Start of Block

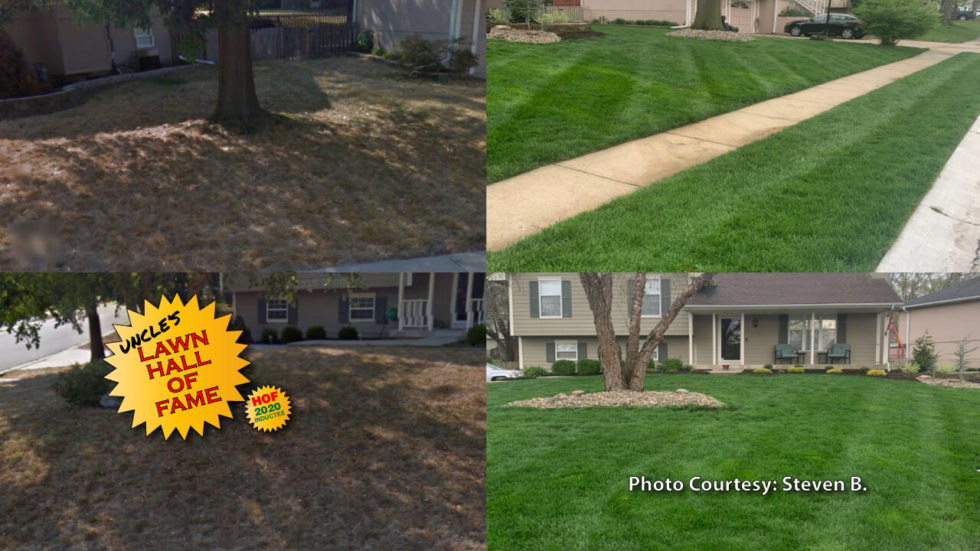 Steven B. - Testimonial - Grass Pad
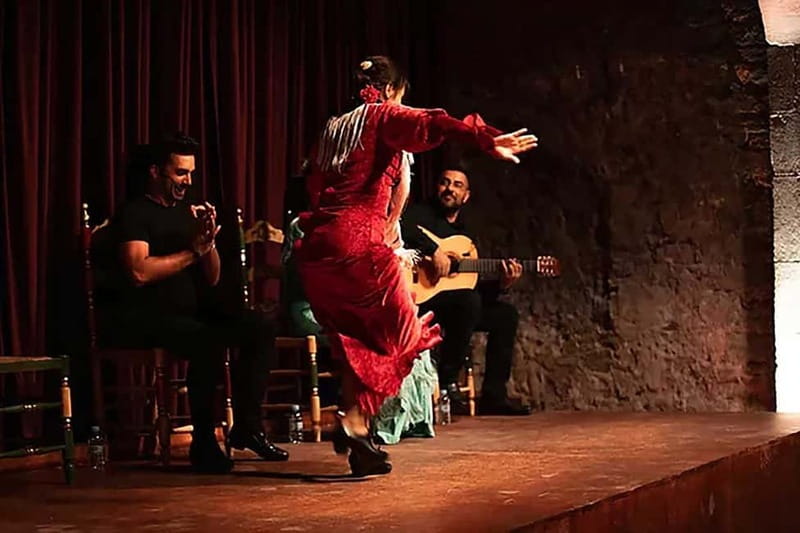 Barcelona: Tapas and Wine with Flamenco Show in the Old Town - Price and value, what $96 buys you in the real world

End of Block
Start of Block

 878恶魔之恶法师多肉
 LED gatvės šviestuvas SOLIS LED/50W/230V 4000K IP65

End of Block
Start of Block

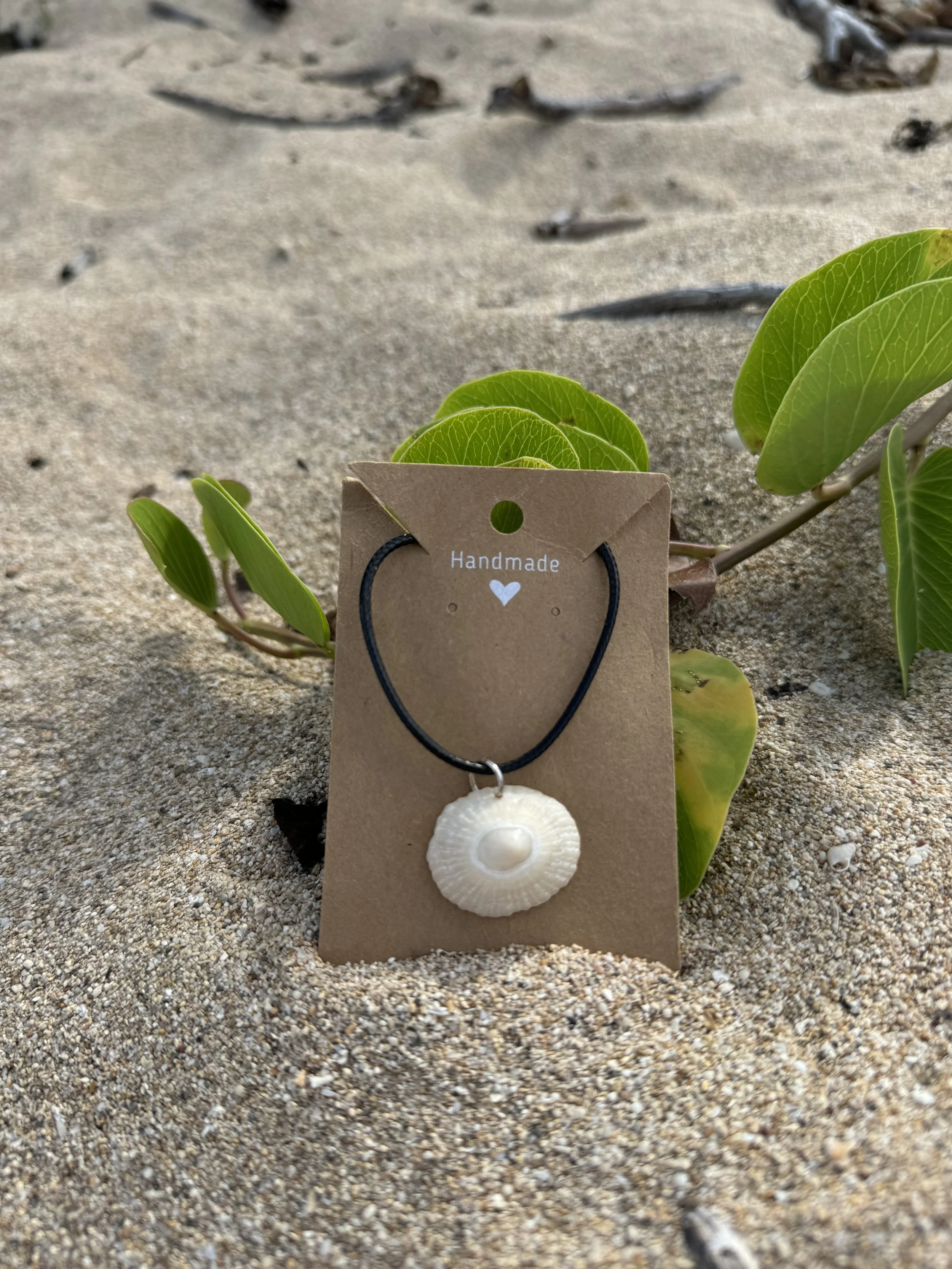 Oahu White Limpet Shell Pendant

End of Block

Only the lines of the listing above from the one with "Steven B. - Testimonial - Grass Pad" through the one with "Barcelona: Tapas and" should be output, exactly, with both ends kept and pictures left out.

■ Exercise result
 Steven B. - Testimonial - Grass Pad
 Barcelona: Tapas and Wine with Flamenco Show in the Old Town - Price and value, what $96 buys you in the real world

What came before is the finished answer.